__YOUR INSTRUCTIONS__. Images should be omitted while the rest of the data is duplicated exactly.

__THE DATA__.
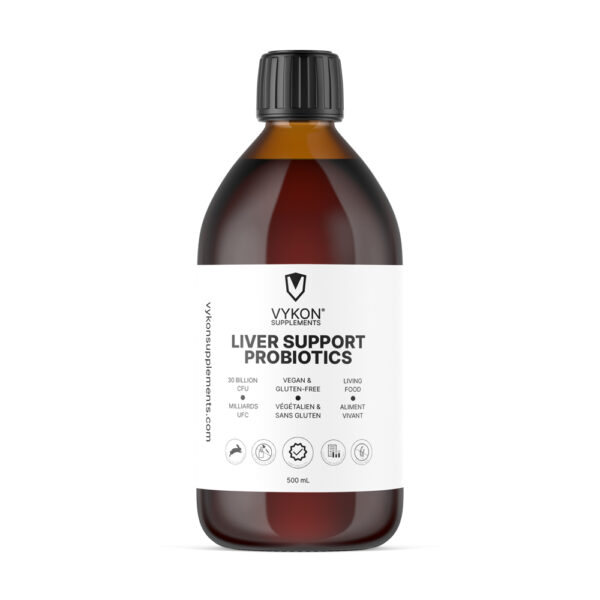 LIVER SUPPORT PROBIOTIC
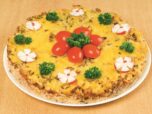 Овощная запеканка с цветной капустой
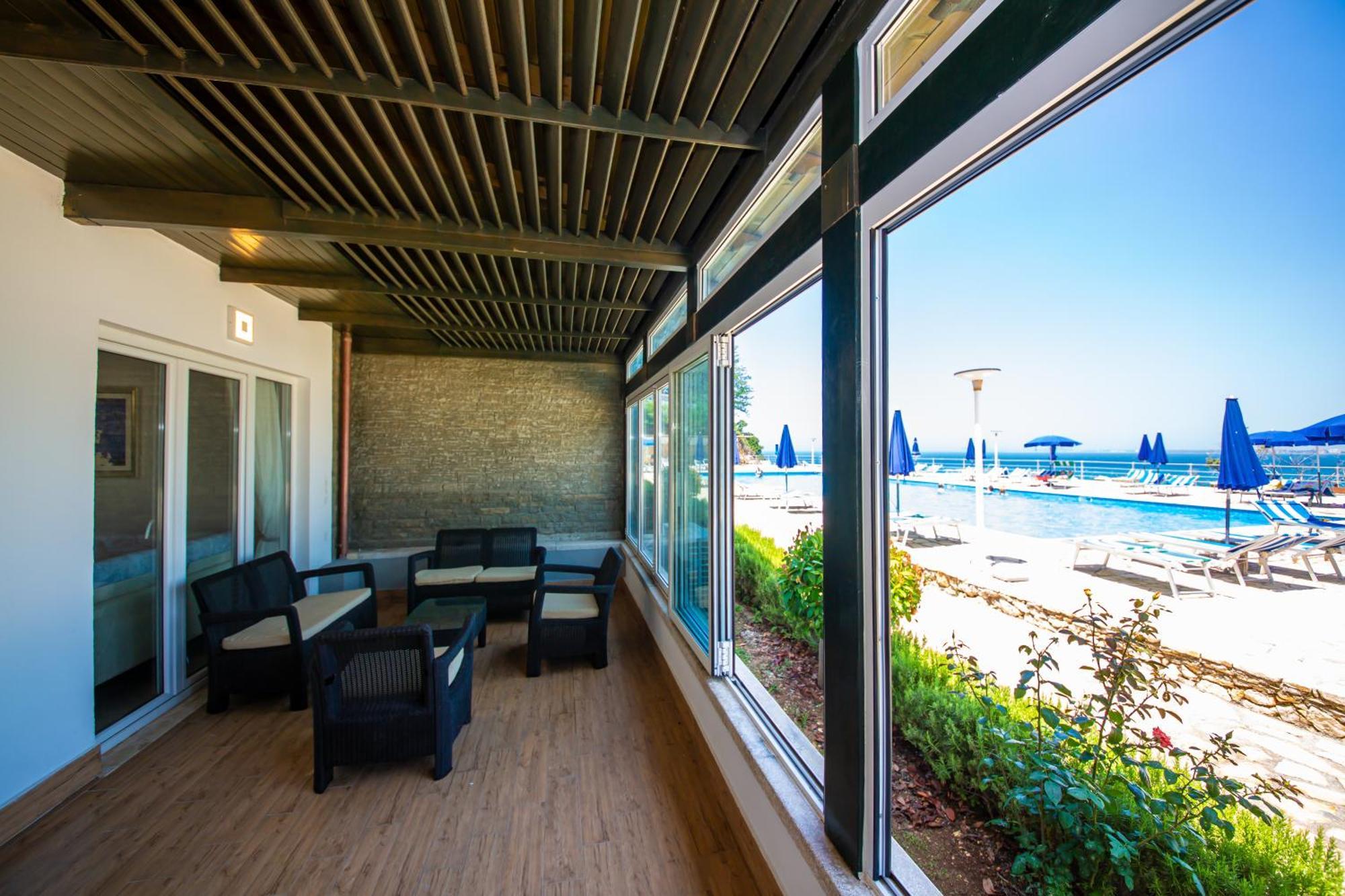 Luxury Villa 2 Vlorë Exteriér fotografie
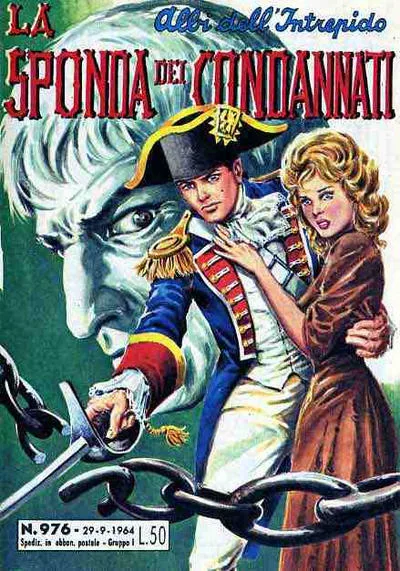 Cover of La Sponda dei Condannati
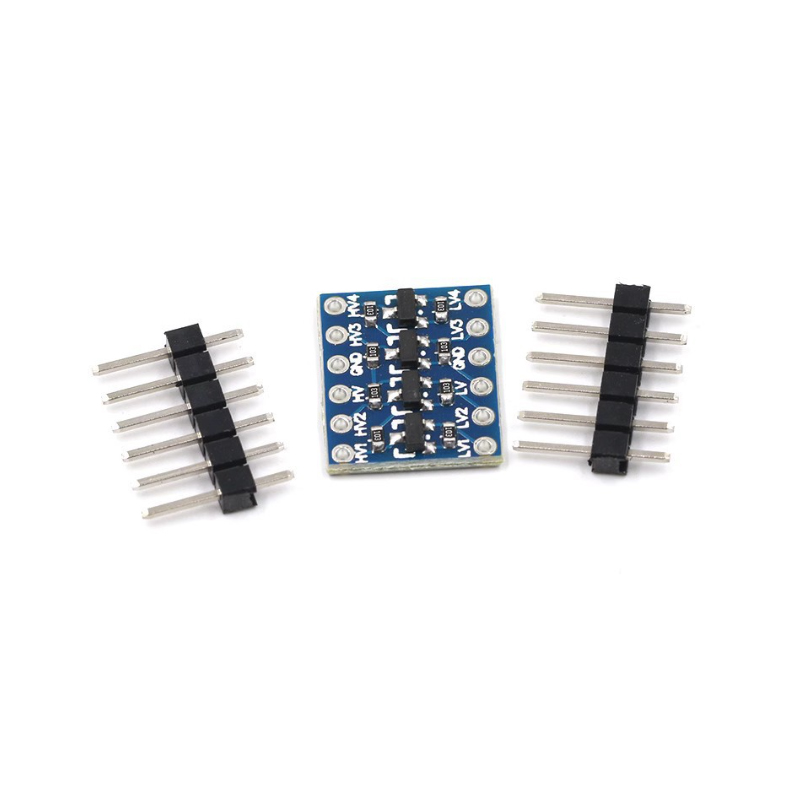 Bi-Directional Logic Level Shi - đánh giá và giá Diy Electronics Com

__ANSWER TO THIS EXERCISE__.
 LIVER SUPPORT PROBIOTIC
 Овощная запеканка с цветной капустой
 Luxury Villa 2 Vlorë Exteriér fotografie
 Cover of La Sponda dei Condannati
 Bi-Directional Logic Level Shi - đánh giá và giá Diy Electronics Com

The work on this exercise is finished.